Bryan Faulds

Current position
- Title: Head coach
- Team: Akron
- Conference: MAC

Coaching career (HC unless noted)
- 2010-2015: College of San Mateo (Pitching/Associate/Interim Head Coach)
- 2015-2017: Ohio (pitching)
- 2018-2022: St. Edwards (pitching)
- 2022-2023: St. Edwards
- 2024-present: Akron

= Bryan Faulds =

American baseball coach

Bryan Faulds is an American college baseball coach. Faulds is the head coach of the Akron Zips baseball team.

==Early life==
Faulds is a native of San Ramon, California.

==Playing career==
Faulds played college baseball for College of San Mateo before transferring to Western Illinois University.

==Coaching career==
===San Mateo===
Faulds began his coaching career at the College of San Mateo in California, where he coached for six years and became associate head coach and interim head coach in 2013. He was also a pitching coach/assistant coach at San Mateo. While with San Mateo he helped the baseball team win three conference titles, make six regional appearances and four super regional appearances.

===Ohio===
From 2015 to 2017, Faulds was the pitching coach for the Ohio Bobcats baseball team, a program in the Mid American Conference (MAC) in NCAA Division I. While pitching coach at Ohio, Faulds helped the Bobcats to the 2017 MAC tournament title and a 2017 NCAA tournament appearance.
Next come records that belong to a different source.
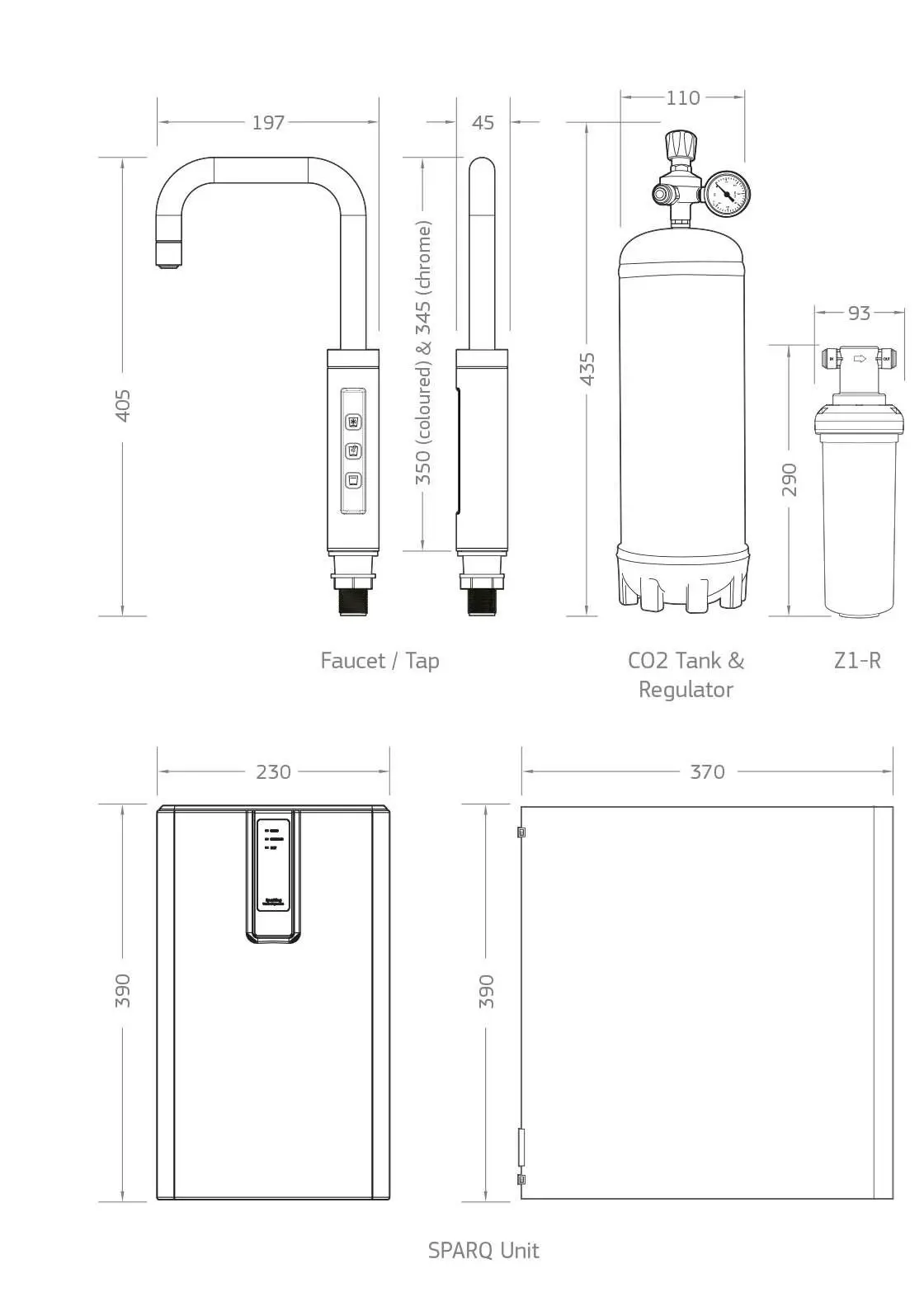 Puretec Sparkling, Chilled & Filtered Water Smart Tap Chrome SPARQ-S5-CH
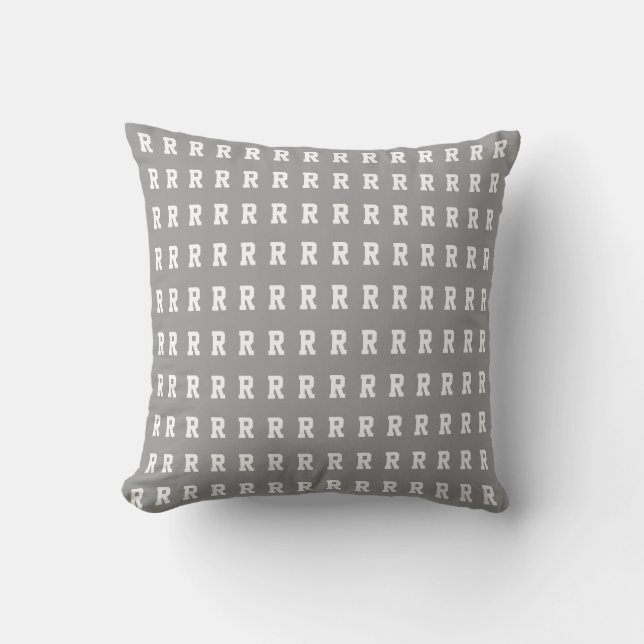 Coussin D'extérieur lettre initiale blanche/grise/noire R (personnalis (Recto)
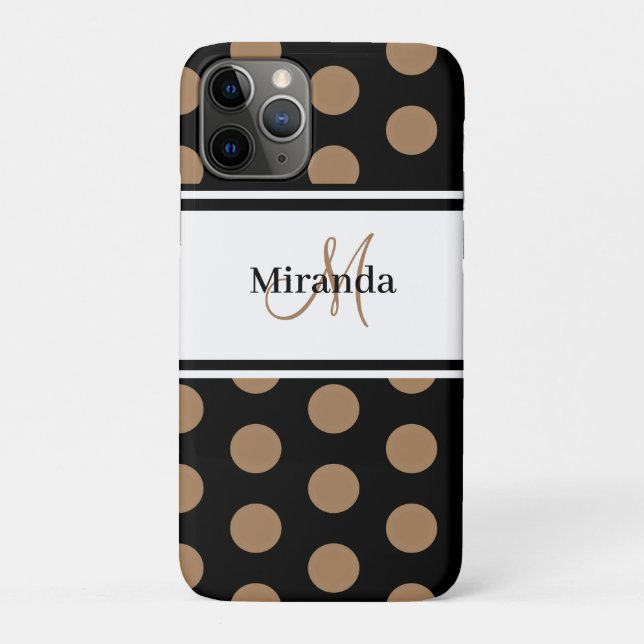 Script Monogram Black White Brown Polka Dots Case-Mate iPhone Case (Back)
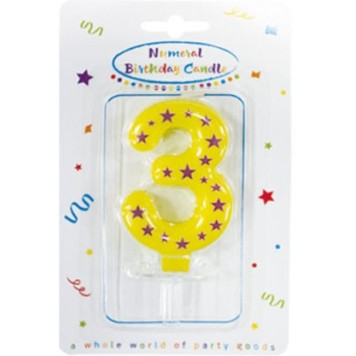Colour cake candle, number candle 3
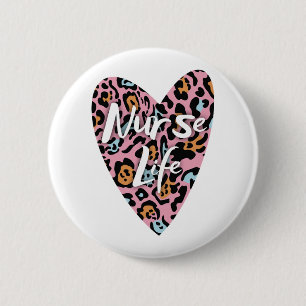 Love Nurse Life Cheetah 16Love Nurse Life Cheetah 2 Inch Round Button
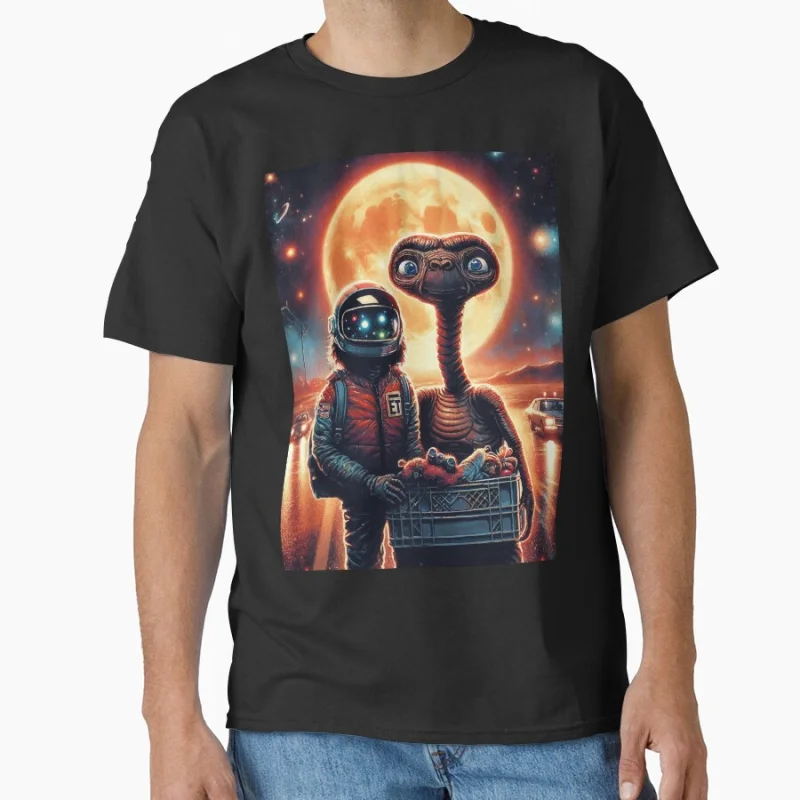 

ufo Alien 1028 E.T. The Extra Terrestrial Movie Vintage Sic-Fi gift t shirt Cartoon Alien Graphic clothes All size Tops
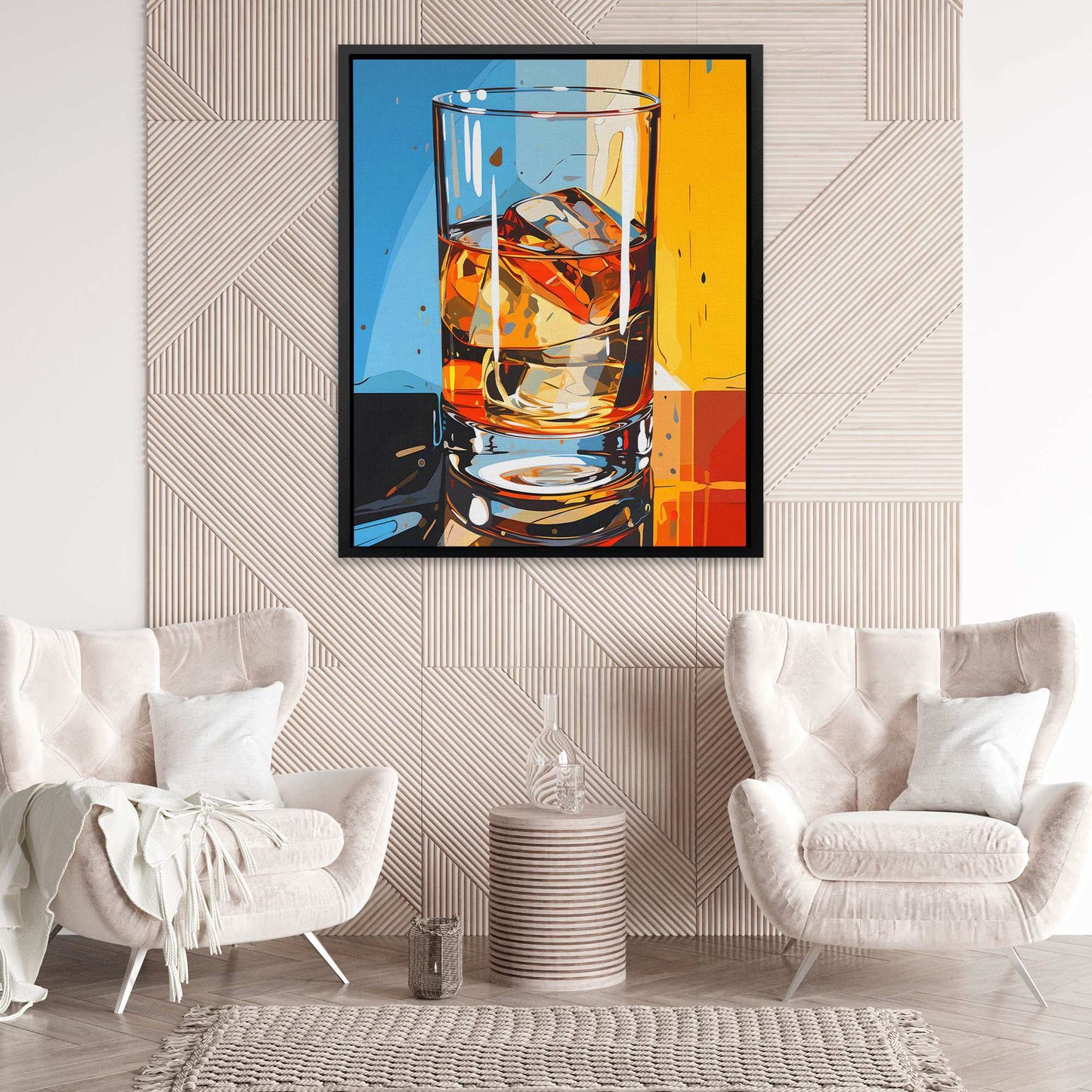 Hypnotic Harmony - Whiskey Wall Art in Black Frame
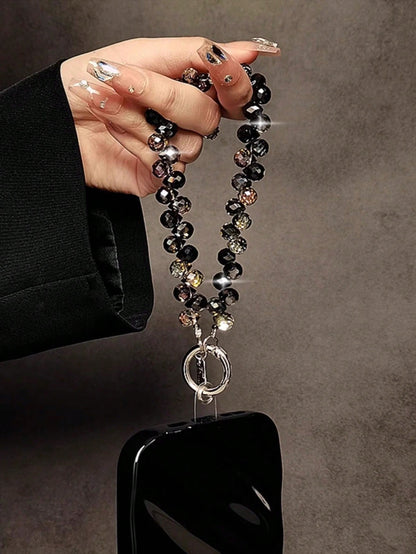 Fashionable Beaded Phone Wrist Strap, Universal Fit For All Smartphones, Luxury Beaded Decoration With Finger Ring Stand Gifts For Mother, Family, Friends, Birthday, Holiday Phone Charm, Phone Chain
The 2017 team featured two first team All-MAC pitchers under his coaching leadership.

===St. Edwards===
On August 2, 2017, Faulds was named as an assistant coach at St. Edwards University. In 2021, the head coach of St. Edwards Rob Penders was fired and Faulds took over as head coach of the program. Faulds later worked for two years as the head coach at St. Edward's University in Austin, Texas, an NCAA Division II program. He was 72-42 in his two seasons as head coach of St. Edward's.

===Akron===
On June 20, 2023, Faulds was named head coach of the Akron Zips baseball team. On February 22, 2024, Faulds earned his first DI victory as a head coach. On April 21, 2025, Faulds earned his 100th victory as a head coach. Faulds has coached two All-MAC first team selections while at Akron, Jared Schaeffer in 2024 and Brody Chrisman in 2026.